Cybertruck owners have discovered that a part of these stainless steel electric vehicles could “stop producing torque” while driving. The failure was noted by Tesla in a recall from the National Highway Traffic Safety Administration on November 5. Any sudden loss of propulsion could “increase the risk of collision,” the notice ominously added. The latest recall (the sixth this year) requires time in the shop, not an over-the-air (OTA) update (over-the-air).
The reports on the instantaneous loss of electrical power Due to the failure of inverters (devices that convert direct current to alternating current and control the speed and torque of an electric vehicle’s motor) may alarm the average electric vehicle driver, but for extroverted buyers of Elon’s flagship Musk, is proof of the aggressiveness of this angular truck, Ivan Drury, information director of the Edmunds car buying guide, explained to WIRED.
And what does it matter?
“People who are attracted to [el Cybertruck] It doesn’t have build quality or safety in mind,” he says, “and the fact that it can be a dangerous vehicle to drive is the key to its appeal. “No one is going to buy it to use as a real truck.”

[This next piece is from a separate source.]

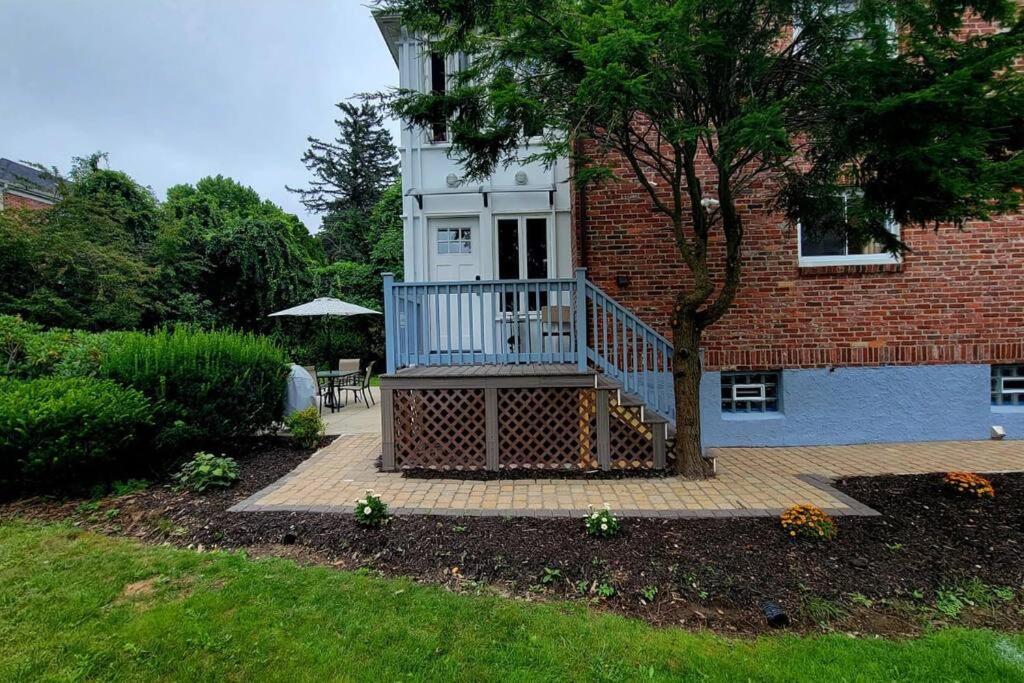 Unique & Peaceful Boston Home エクステリア 写真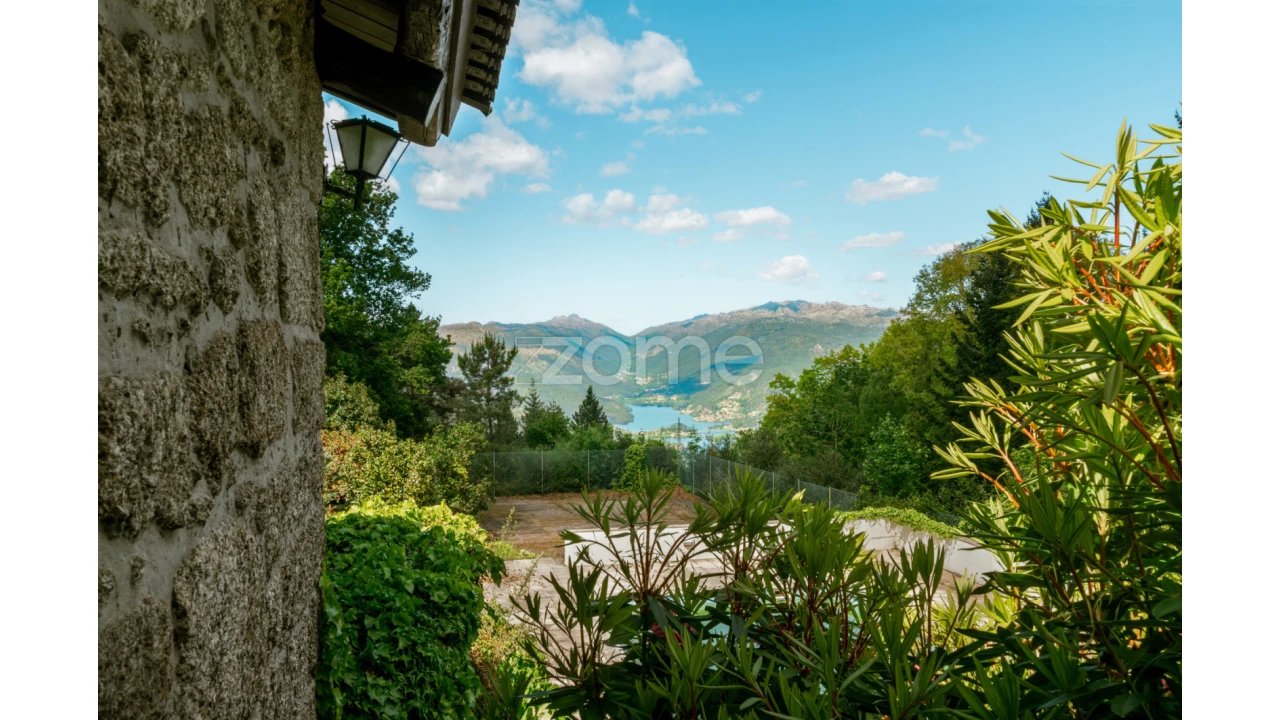 Moradia T5 para Venda em Caniçada e Soengas Foto 3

Pressing the accelerator pedals of the affected Cybertrucks could take their drivers nowhere (a negative point, one might think, for a vehicle that is supposedly faster from 0 to 100 km/h than a Lamborghini Aventador (but, adds Hawaii-based Drury, that won’t hurt the truck’s reputation among many aspiring owners.
“The more the press and others say it’s bad, the more they will see it as good.” [los clientes típicos del Cybertruck]”says Drury.
Named on the internet as Cyberbrickthe vehicle was launched in December 2023; Apparently, Tesla had already sold 27,000 of them in October this year, as can be deduced from the number of Cybertrucks that appear in the fifth recall. Some 2,431 Cybertrucks were affected by the sixth recall, which forced the vehicle to be abandoned so that new ‘variable frequency drives’ could be installed.
The recalled drives, equipped with potentially defective metal-oxide semiconductor field-effect transistors, were installed in Cybertrucks manufactured between November of last year and the end of July of this year.
“Karl Brauer, executive analyst at car rating service iSeeCars, tells WIRED that “it is common for new models to see an increase in recalls during the first year after their launch, but what is interesting is to see how quickly this decreases. the number of recalls after launch and how quickly it continues over the years.
And in this regard, the Cybertruck may be lacking: “Vehicles with ongoing recalls long after launch suggest much higher lifetime recall totals,” Brauer explains. Calculate that the six Cybertruck recalls to date are “worse than 91%” of other 2024 vehicles. All of this was possibly foreshadowed in 2023, when a leaked Tesla report showed that the Cybertruck had basic design flaws.
Looks matter
“We don’t feel comfortable making predictions [de retiradas de por vida] on the Cybertruck at this very early stage,” Brauer emphasizes, “but so far it is not doing very well.
Edmunds’ Drury thinks most Cybertruck buyers barely pay attention to longevity estimates, and many of them probably don’t care about product recalls, OTA or otherwise. “Cybertruck customers do it for the looks, they don’t care how many times it will be called for service in 30 years,” says Drury, “they buy this car for now, without thinking about the future.”